Problem to solve – An identical copy of all the records is what the answer must contain.

*** Begin section ***

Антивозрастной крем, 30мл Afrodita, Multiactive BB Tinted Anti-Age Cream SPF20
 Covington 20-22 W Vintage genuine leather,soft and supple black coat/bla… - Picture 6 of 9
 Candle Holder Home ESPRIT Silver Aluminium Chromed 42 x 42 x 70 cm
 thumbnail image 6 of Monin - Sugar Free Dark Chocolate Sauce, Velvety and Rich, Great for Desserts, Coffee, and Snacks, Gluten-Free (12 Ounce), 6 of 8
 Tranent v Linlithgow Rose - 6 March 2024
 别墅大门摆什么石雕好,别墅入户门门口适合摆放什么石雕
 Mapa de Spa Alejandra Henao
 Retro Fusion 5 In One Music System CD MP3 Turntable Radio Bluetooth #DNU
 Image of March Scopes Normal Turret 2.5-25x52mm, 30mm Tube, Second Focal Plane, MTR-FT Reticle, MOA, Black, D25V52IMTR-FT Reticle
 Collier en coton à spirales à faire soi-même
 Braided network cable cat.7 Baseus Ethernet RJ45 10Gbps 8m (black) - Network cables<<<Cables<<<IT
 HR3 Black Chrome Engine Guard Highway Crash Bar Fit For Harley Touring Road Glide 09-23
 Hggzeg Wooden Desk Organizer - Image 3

*** End section ***

Task solution –
Антивозрастной крем, 30мл Afrodita, Multiactive BB Tinted Anti-Age Cream SPF20
 Covington 20-22 W Vintage genuine leather,soft and supple black coat/bla… - Picture 6 of 9
 Candle Holder Home ESPRIT Silver Aluminium Chromed 42 x 42 x 70 cm
 thumbnail image 6 of Monin - Sugar Free Dark Chocolate Sauce, Velvety and Rich, Great for Desserts, Coffee, and Snacks, Gluten-Free (12 Ounce), 6 of 8
 Tranent v Linlithgow Rose - 6 March 2024
 别墅大门摆什么石雕好,别墅入户门门口适合摆放什么石雕
 Mapa de Spa Alejandra Henao
 Retro Fusion 5 In One Music System CD MP3 Turntable Radio Bluetooth #DNU
 Image of March Scopes Normal Turret 2.5-25x52mm, 30mm Tube, Second Focal Plane, MTR-FT Reticle, MOA, Black, D25V52IMTR-FT Reticle
 Collier en coton à spirales à faire soi-même
 Braided network cable cat.7 Baseus Ethernet RJ45 10Gbps 8m (black) - Network cables<<<Cables<<<IT
 HR3 Black Chrome Engine Guard Highway Crash Bar Fit For Harley Touring Road Glide 09-23
 Hggzeg Wooden Desk Organizer - Image 3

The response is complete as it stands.